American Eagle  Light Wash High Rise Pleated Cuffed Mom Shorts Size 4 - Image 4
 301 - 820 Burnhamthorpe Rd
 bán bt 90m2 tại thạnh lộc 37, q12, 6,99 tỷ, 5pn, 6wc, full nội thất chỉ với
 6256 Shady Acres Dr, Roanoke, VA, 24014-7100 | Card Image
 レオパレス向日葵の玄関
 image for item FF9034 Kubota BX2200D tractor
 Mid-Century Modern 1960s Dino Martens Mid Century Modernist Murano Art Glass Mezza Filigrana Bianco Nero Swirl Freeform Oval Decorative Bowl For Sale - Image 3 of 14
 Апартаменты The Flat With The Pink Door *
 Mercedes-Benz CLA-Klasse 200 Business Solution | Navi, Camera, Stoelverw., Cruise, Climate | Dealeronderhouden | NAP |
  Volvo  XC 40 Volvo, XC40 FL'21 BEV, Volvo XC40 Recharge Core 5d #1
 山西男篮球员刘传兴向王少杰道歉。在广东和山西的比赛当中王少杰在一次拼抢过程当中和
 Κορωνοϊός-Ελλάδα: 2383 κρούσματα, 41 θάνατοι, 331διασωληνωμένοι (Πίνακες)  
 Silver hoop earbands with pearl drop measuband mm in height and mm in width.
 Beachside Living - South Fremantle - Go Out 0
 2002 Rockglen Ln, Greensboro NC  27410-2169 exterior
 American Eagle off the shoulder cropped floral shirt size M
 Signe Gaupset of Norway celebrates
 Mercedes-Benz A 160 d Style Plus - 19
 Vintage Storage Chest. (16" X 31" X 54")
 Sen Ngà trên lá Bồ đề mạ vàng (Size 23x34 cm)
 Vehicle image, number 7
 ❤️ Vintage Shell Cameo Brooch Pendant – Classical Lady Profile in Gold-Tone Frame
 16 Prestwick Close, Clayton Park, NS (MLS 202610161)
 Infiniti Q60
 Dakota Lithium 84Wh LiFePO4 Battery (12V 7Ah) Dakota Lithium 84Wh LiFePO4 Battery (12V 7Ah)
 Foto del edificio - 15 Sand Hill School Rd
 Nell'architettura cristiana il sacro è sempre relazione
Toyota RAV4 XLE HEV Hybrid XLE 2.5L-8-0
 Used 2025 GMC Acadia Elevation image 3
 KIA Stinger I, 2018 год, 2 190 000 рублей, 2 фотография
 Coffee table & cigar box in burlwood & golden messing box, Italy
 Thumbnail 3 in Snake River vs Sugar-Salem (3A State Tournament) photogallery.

::::::::

Exercise brief :: Retype exactly, please, each line from the line that contains "KIA Stinger I, 2018" through the last line of the entries above, with nothing added.

Answer area ::
 KIA Stinger I, 2018 год, 2 190 000 рублей, 2 фотография
 Coffee table & cigar box in burlwood & golden messing box, Italy
 Thumbnail 3 in Snake River vs Sugar-Salem (3A State Tournament) photogallery.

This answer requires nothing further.